Wearing Perfume: Different Ways of Testing


Post by Tina G



I’d like to talk a bit about how fragrance application can have a pronounced effect on how it presents on your skin. It is one of the reasons that it is usually worthwhile to test a fragrance a few times to get to “know” it before making judgement calls.

Wearing Perfume: Different Ways of Testing

Burlesque by Maria Candida Gentile 2015

Burlesque Maria Candida Gentile FragranticaFragrantica

Fragrantica gives these featured accords:
Top: Blood orange
Heart: Iris pallida, rose
Base: Incense, patchouli

Maria Candida Gentile – Burlesque is a case in point. It was put onto my fragrance radar by Tara from A Bottled Rose, and it sounded like my kind of thing, so a sample was ordered.

On my first two spritzes I held the nozzle close to my arm with a heavy application. And the results were horrifying. All I got was an insipid limp wet patchouli with a hint of smoke in the background. I quite like patch, but there was nothing nice about what I was smelling.
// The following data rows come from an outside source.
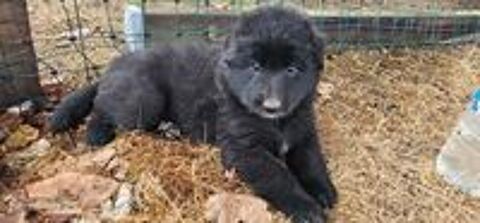  Réserver chiot BERGER BELGE GROENENDAEL NON LOF  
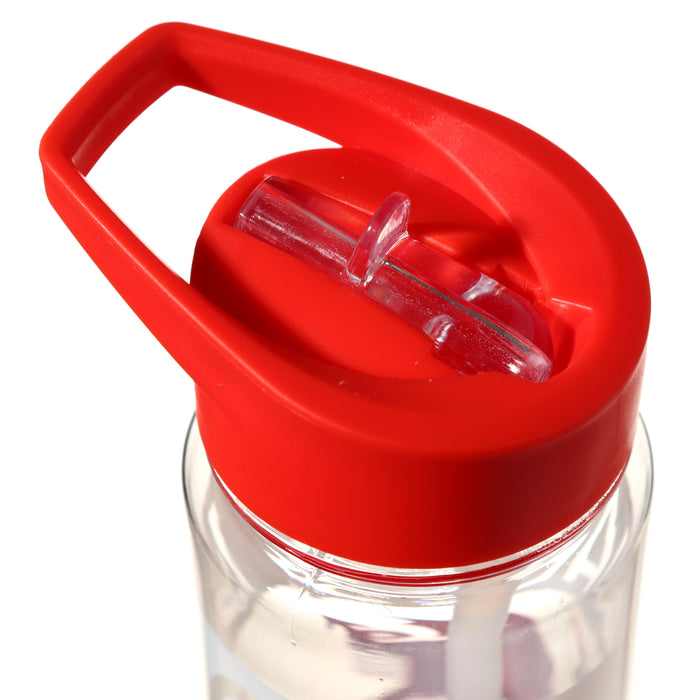 550ml Water Bottle Welsh Dragon Wales (Cymru) Souvenir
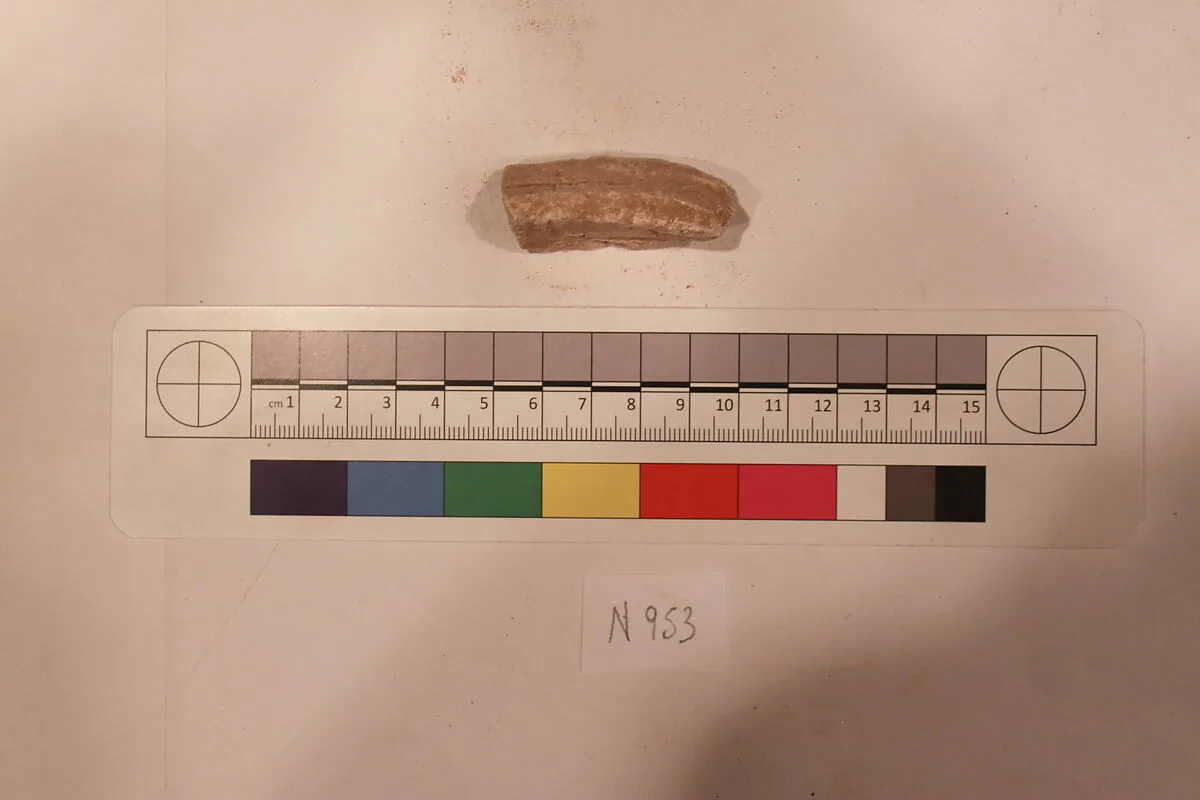Stucco Fragment — Unknown
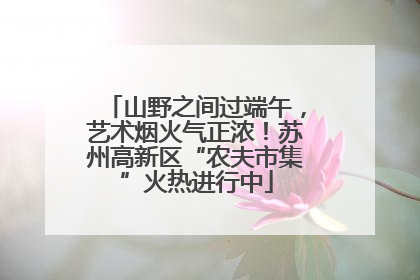 山野之间过端午，艺术烟火气正浓！苏州高新区“农夫市集”火热进行中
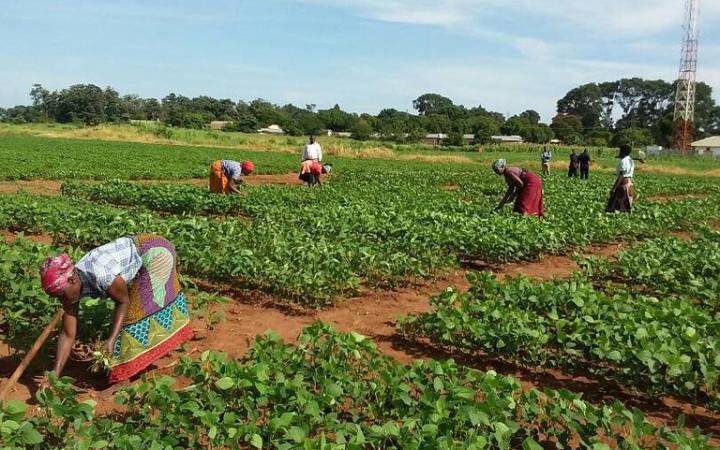 Women Farmers in Field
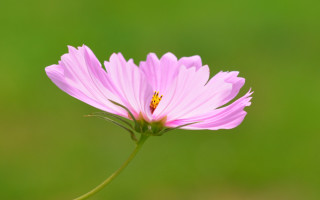 Pink lily green background yellow - chang daichien free wallpaper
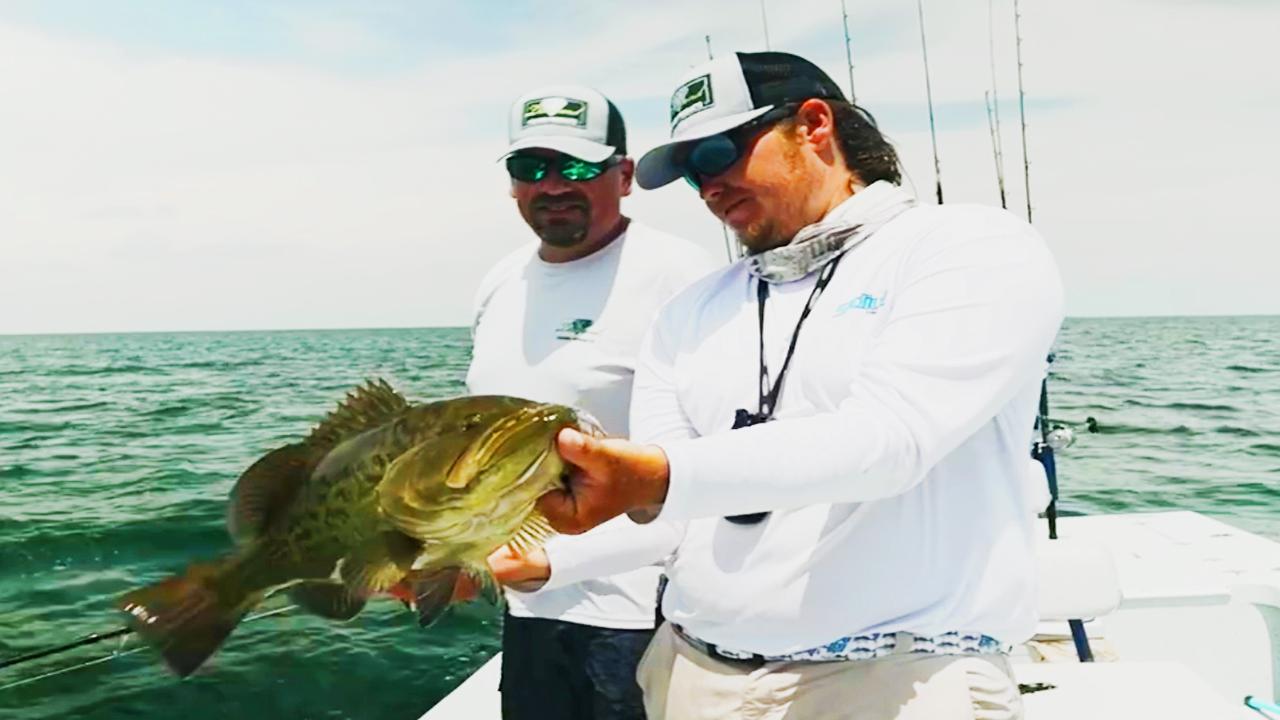 Victory+ - Shallow Water Studs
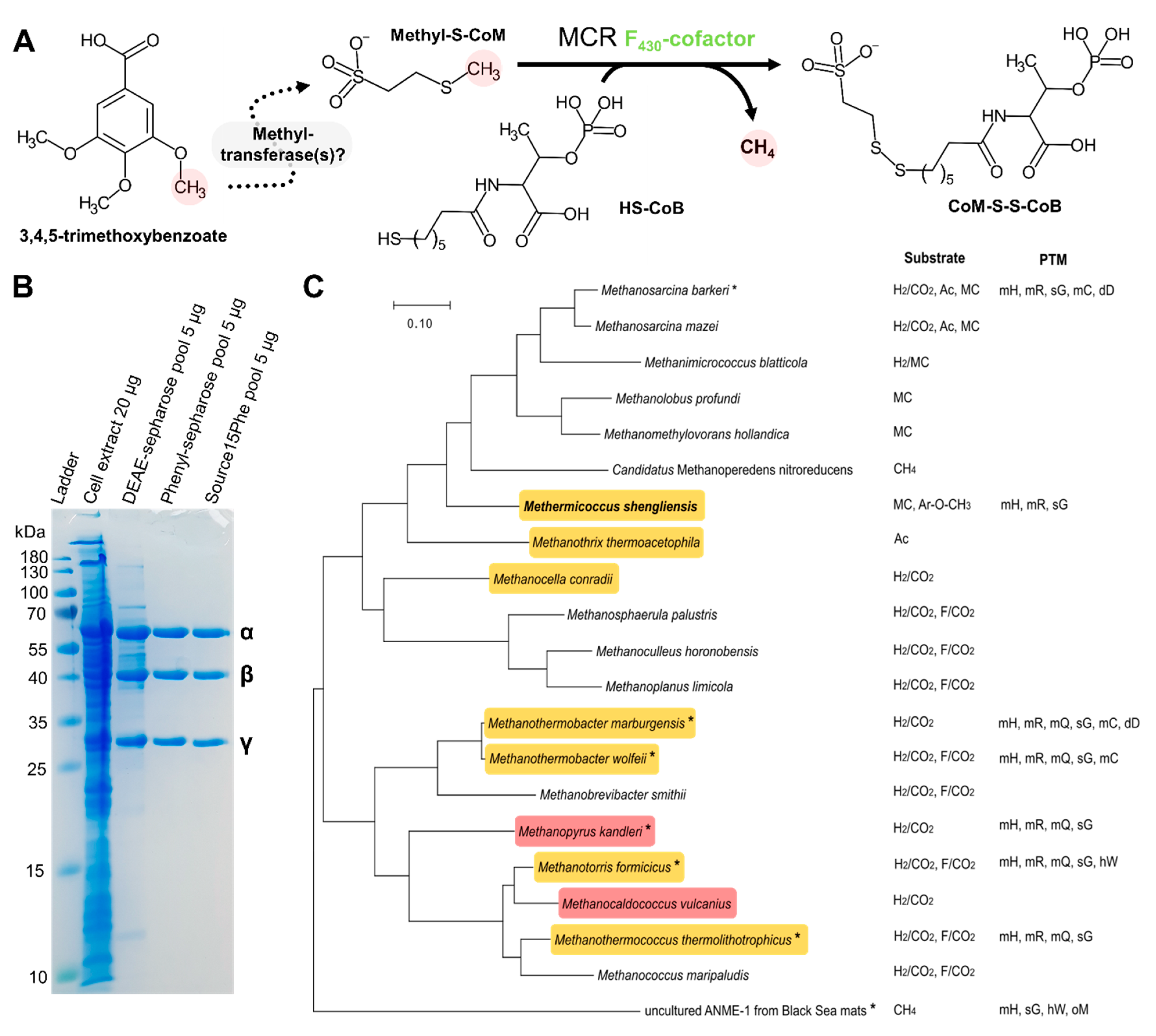 Microorganisms 09 00837 g001 Microorganisms 09 00837 g001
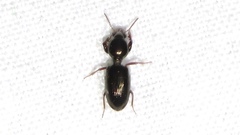 Dyschirius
It was less ‘Burlesque’ and more ‘fetid water nymph’. One of my written notes was “try a lighter spray”. So I did.

A gentle swish of a spritz at a distance, and wafting my arm through the residual aerated fragrance was a totally different result. At once I could smell a warm rounded orange, which was totally absent previously, and it came through with a fab sexy powdery iris and sweet pink rose. That brought a smile and a nod – so that is what this fragrance is all about! It was balanced very differently, warm and inviting with the patchouli grounding it instead of swamping (good word, actually…) and the pale smokiness bringing an interesting dimension to the whole picture. Really gorgeous and very wearable.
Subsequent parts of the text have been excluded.